The Point Is to Persist: Part II

[Last Night My Bed a Boat of Whiskey Going Down
by Thomas E. Kennedy]

A Review by Duff Brenna

New American Press
(April 2010)

Cover of Last Night My Bed a Boat of Whiskey Going Down, by Thomas E. Kennedy

What does one call Thomas E. Kennedy’s latest collection published by New American Press in 2010? A collection of stories? A collection of essays? A mixture of both? The subtitle says: A Novel in Essays. Did Kennedy just create a new genre? The stories/essays/observations in Last Night My Bed a Boat of Whiskey Going Down are labeled as creative nonfiction, which puts them in the category of tweaked memoirs. The term seems relevant given that the arc of these offerings describe the major ages of man—his youth, his young adult years, middle age, old age on the horizon. The ingredients are laid out chronologically, foreshadowing, perhaps, an autobiography waiting in the wings.
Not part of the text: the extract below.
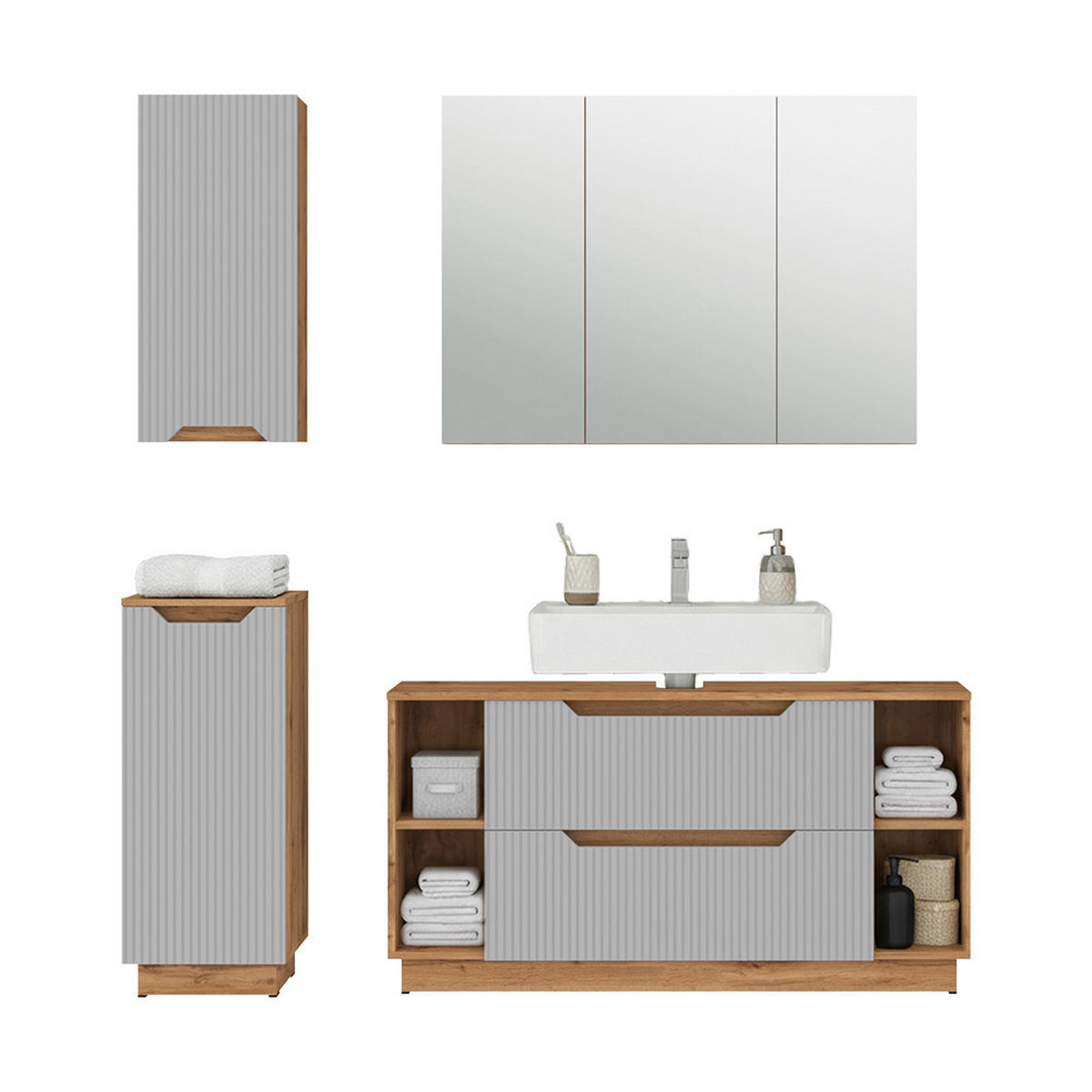 BADMÖBEL-SET Lotta Eiche/grau gestreift 4 Teile - Eichefarben/Grau, Holzwerkstoff (119.2/62.5/35cm) - Vicco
The first story in the collection, aptly titled “Maybe Baby,” is a reminiscence set in New York City taking us back to the year the author first fell in love, fell hard the way 14-year-old boys generally do, especially if the love is reciprocated, or seems to be. “Maybe Baby” (the title comes from Buddy Holly’s famous rock and roll hit of 1958) is a touching story about the purity of an adolescent heart filled with ideals about love and the object of that idealization in the form of Beatriz Gomez de Gomez. She’s an angel, a gorgeous gift from heaven. Well, maybe not from heaven exactly. This is a learning-curve story, a hairpin turn.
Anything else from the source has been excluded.